Scrutinizer · August 3, 2012, 8:41am

Thanks for reporting back, Royalist..

Lem · August 3, 2012, 2:07pm

For your goal IMHO it's better (and easier) to use dd_rescue than dd, even better to use ddrescue. And you learn to use something useful in case of hardware problems (dead sectors). For some more info:
System Administration Bits of Knowledge

To install and learn dd_rescue in Ubuntu:

sudo apt-get install ddrescue
man dd_rescue

Yes, dd_rescue is in package ddrescue (Debian and Ubuntu).

To install and learn ddrescue in Ubuntu:

sudo apt-get install gddrescue
man ddrescue

Yes, ddrescue is in package gddrescue (Debian and Ubuntu).

For single partitions, best (and often much faster) is to use Partimage.
--
Bye

Corona688 · August 3, 2012, 2:13pm

dd_rescue is indeed simpler and more convenient if you have it, which is why I suggested it earlier.

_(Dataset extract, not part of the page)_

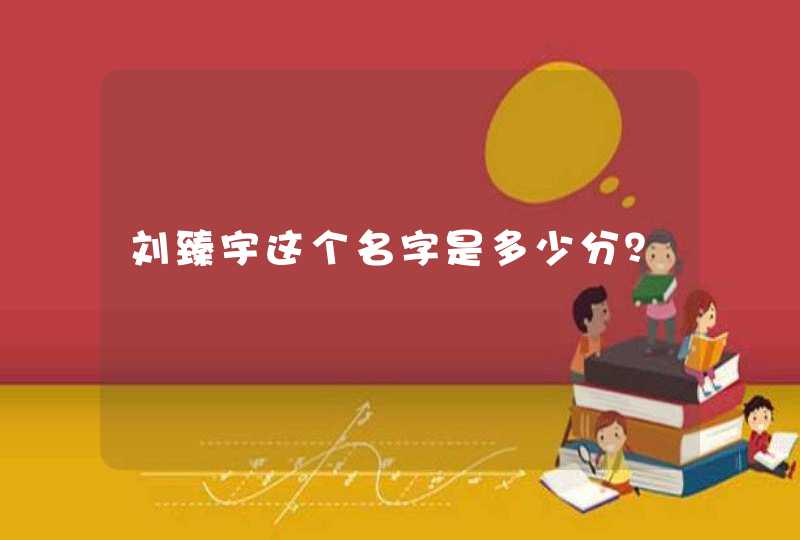 刘臻宇这个名字是多少分? 刘臻宇这个名字是多少分?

Royalist · August 4, 2012, 10:42am

Yes, thanks. I do have dd_rescue, but have not tried it as yet.

Royalist · August 23, 2012, 4:06pm

OK so I have now tried ddrescue.

The following was the syntax that I used in the Ubuntu Remix version of live CD Ububtu 12.04 (my present OS is 11.10):

From the command line on the live CD 'sudo lshw -short -c Disk' to determine the input and outputs: source '/dev/sdb output /dev/sda'

Then 'sudo ddrescue -f -g /dev/sdb /dev/sda 23-08-2012.log'

After about ten minutes(and whilst I was on the telephone) the screen suddenly went blank followed by 'no signal'. Up to then it had been reporting progress. From then the red light remained on for more than an hour. I left it to carry on. After three hours the light had dimmed and it was possible to get the screen back. The results reported that it was finished and a lot of bytes processed. I am currently searching for the log file.

The result was that the input disk was unchanged as I would hope, but so was the target disk. So nothing was achieved.

The target disk had previously been cloned with 'dd'. I bowed to the weight of the recommendations received here, to try ddrescue. SO WHAT HAVE I DONE WRONG PLEASE!!:wall:

Corona688 · August 23, 2012, 4:15pm

That sounds like the console screen-saver. Hitting the ctrl-key (or any other dead-key) should have brought it back.

I can't see anything obviously wrong with what you did.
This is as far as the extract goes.